PROMPT: Transcribe the full listing below, word for word, without pictures.

GIVEN MATERIAL:
[Start of Attachment]

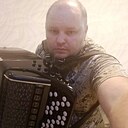 Алексей, 39 лет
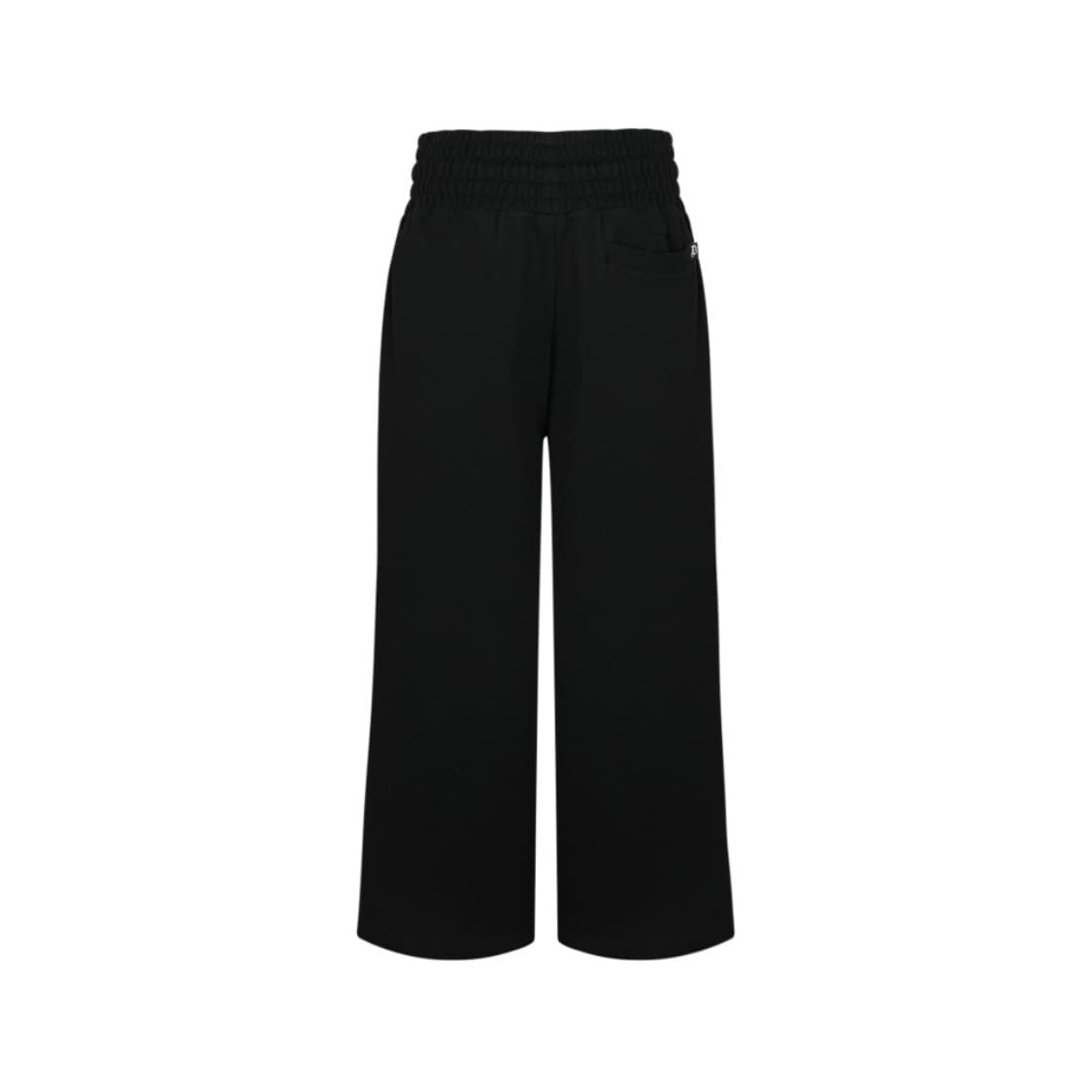 odor 오도어 스킨팬츠 블랙 상품이미지5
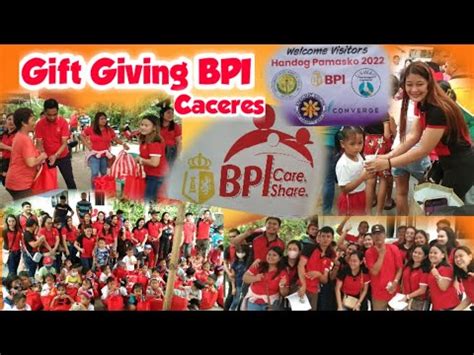 bpi naga caceres photos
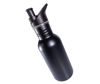 Imagen de BOTELLA CARAMAÑOLA ALUMINIO  500ML-BWB1174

[End of Attachment]

TASK SOLUTION:
 Алексей, 39 лет
 odor 오도어 스킨팬츠 블랙 상품이미지5
 bpi naga caceres photos
 Imagen de BOTELLA CARAMAÑOLA ALUMINIO  500ML-BWB1174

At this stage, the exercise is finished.